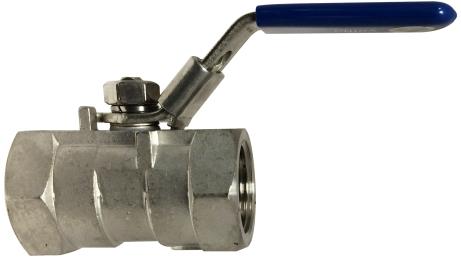 One Piece Standard Port Stainless Steel Ball Valve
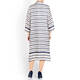 MARINA RINALDI ABSTRACT PRINT SHIRT DRESS SATIN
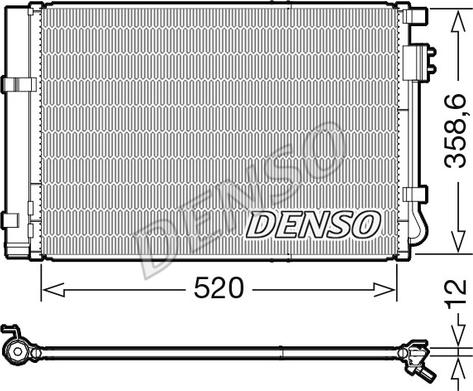 Denso DCN41011 - Конденсатор кондиционера autosila-amz.com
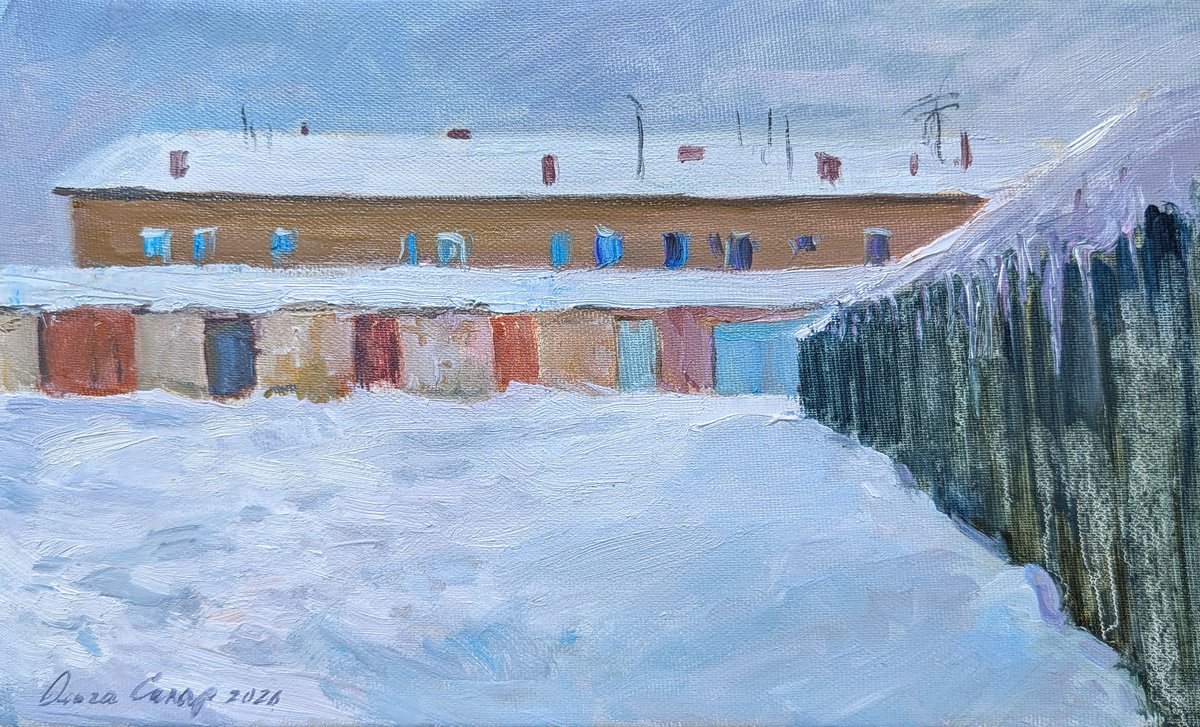 Townyard Doors By Olga Samar, 14 X 8, Artwork For Sale On Artfinder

┄┄┄┄┄┄┄┄┄┄

Nothing but the lines from the line containing "MARINA RINALDI ABSTRACT" through the end of the data, both ends included, is to be reproduced, exactly as written and without the pictures.

 MARINA RINALDI ABSTRACT PRINT SHIRT DRESS SATIN
 Denso DCN41011 - Конденсатор кондиционера autosila-amz.com
 Townyard Doors By Olga Samar, 14 X 8, Artwork For Sale On Artfinder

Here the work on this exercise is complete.